## Exercise objective
In the entries below, repeat only the lines between those holding "Kurve One Light" and "COOK WITH COLOR", inclusive. Leave pictures out.

## Provided data
- Opening Delimiter -

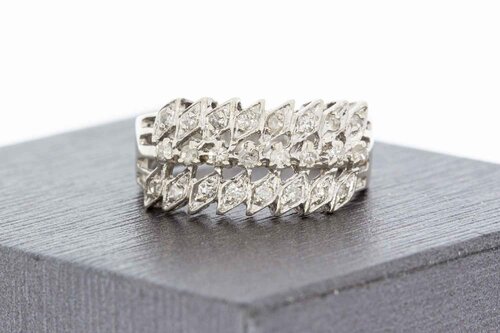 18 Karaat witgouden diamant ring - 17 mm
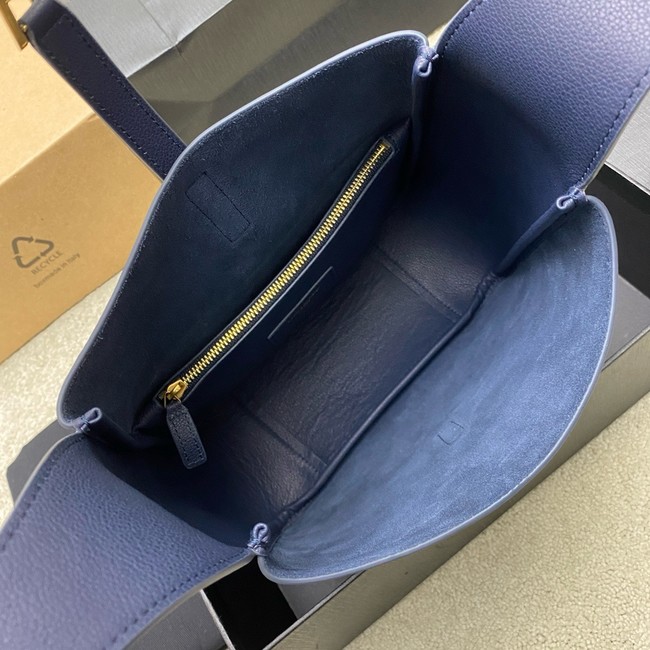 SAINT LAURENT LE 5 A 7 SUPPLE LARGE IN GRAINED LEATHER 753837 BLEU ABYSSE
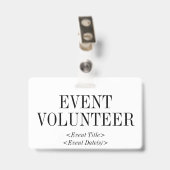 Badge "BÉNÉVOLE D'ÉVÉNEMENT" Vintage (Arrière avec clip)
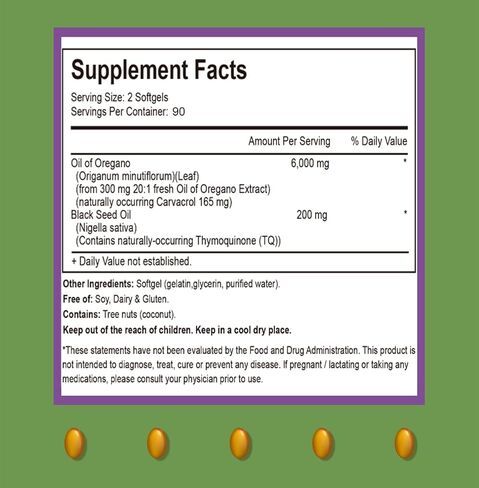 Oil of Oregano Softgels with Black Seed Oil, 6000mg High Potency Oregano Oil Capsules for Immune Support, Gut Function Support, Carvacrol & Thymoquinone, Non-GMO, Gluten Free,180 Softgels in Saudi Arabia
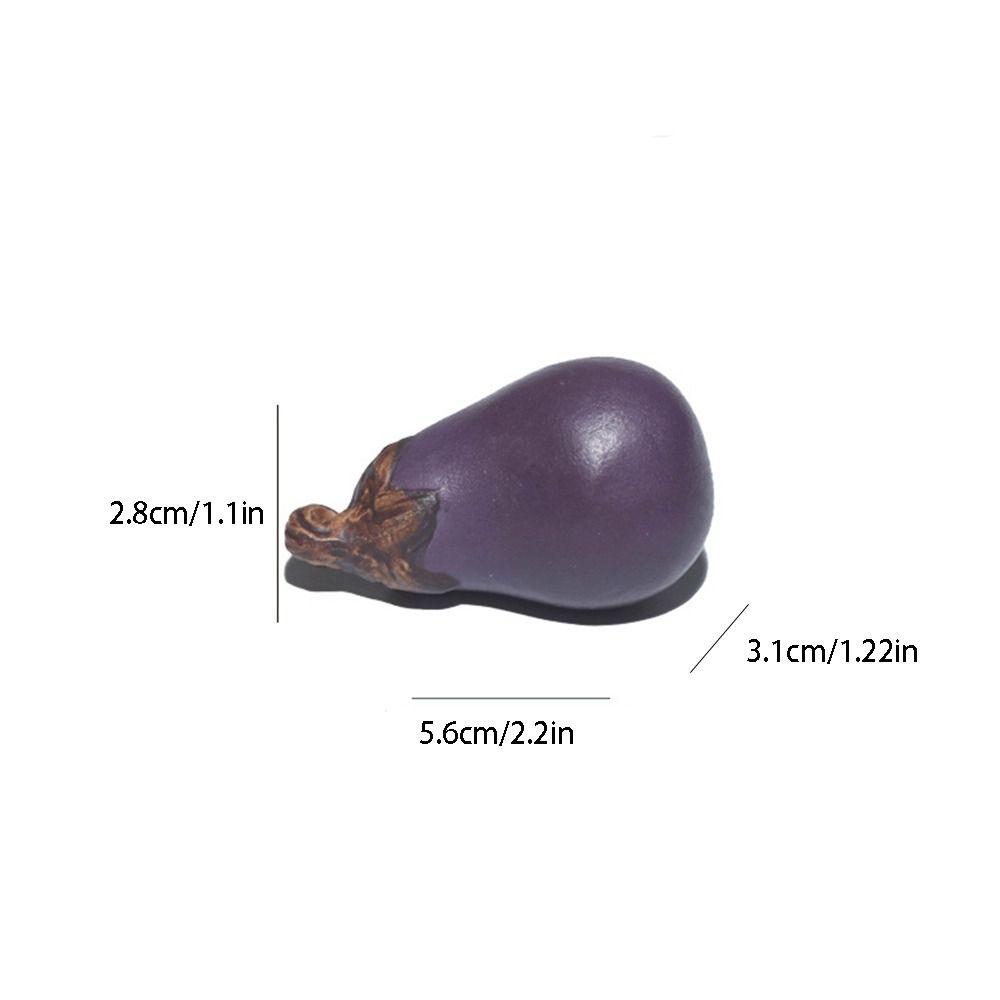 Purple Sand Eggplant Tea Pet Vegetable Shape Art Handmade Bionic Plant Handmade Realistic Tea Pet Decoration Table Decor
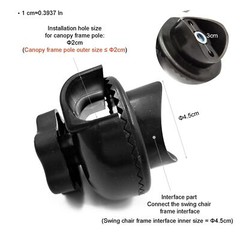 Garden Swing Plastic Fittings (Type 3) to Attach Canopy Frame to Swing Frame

- Closing Delimiter -
- Opening Delimiter -

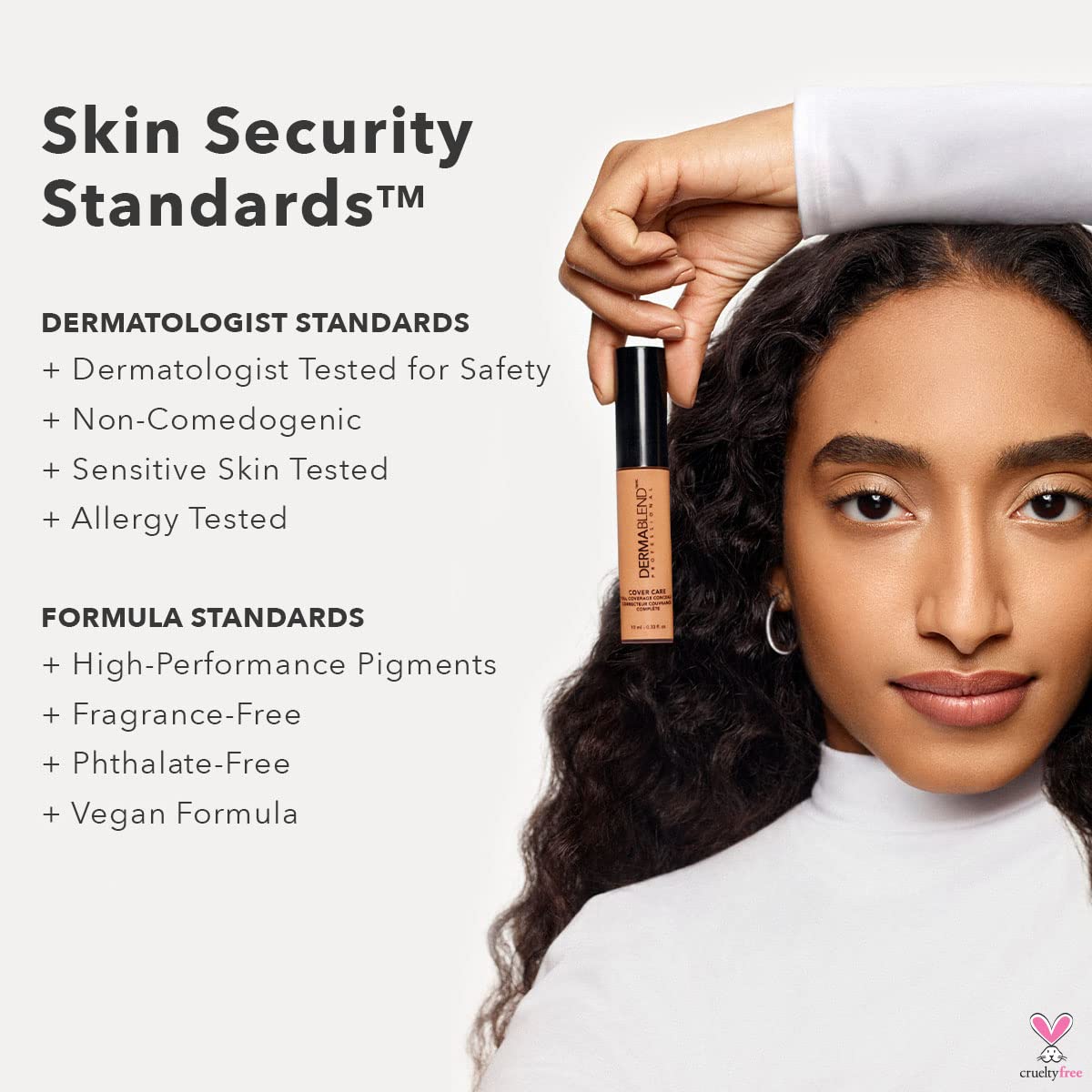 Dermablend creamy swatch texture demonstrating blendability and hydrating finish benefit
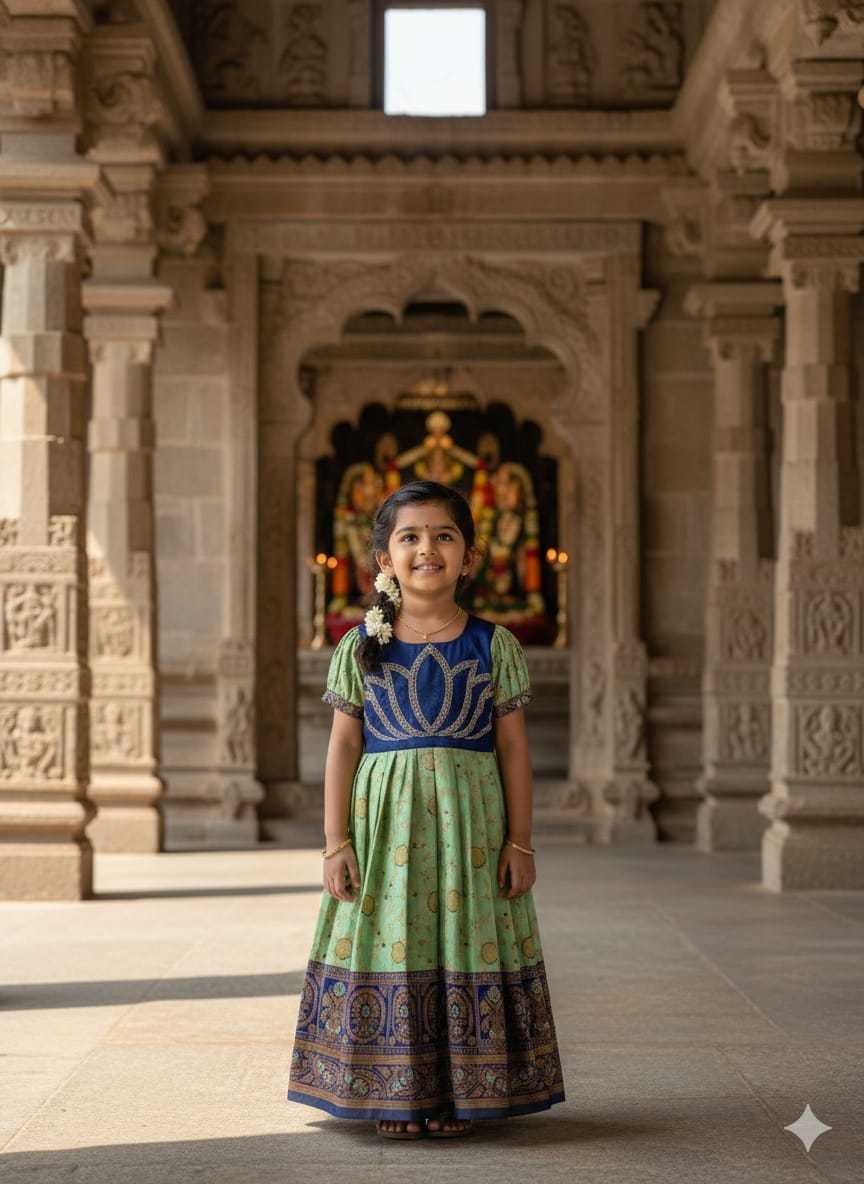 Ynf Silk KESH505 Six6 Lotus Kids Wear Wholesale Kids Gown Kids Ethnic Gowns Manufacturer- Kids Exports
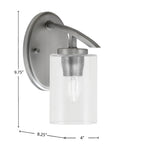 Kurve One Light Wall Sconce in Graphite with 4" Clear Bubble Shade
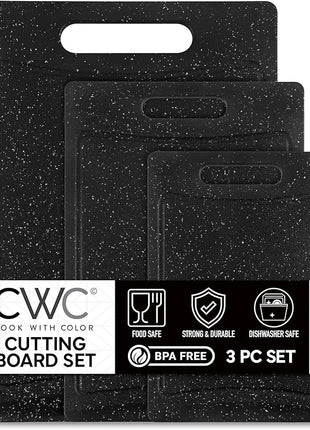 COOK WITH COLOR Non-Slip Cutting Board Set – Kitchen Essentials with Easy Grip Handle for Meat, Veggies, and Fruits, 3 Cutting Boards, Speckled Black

- Closing Delimiter -
- Opening Delimiter -

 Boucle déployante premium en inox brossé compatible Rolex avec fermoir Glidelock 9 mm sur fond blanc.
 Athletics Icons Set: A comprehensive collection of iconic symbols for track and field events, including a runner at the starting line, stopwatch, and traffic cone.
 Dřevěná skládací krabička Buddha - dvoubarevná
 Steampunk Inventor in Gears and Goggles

- Closing Delimiter -

## Expected answer
 Kurve One Light Wall Sconce in Graphite with 4" Clear Bubble Shade
 COOK WITH COLOR Non-Slip Cutting Board Set – Kitchen Essentials with Easy Grip Handle for Meat, Veggies, and Fruits, 3 Cutting Boards, Speckled Black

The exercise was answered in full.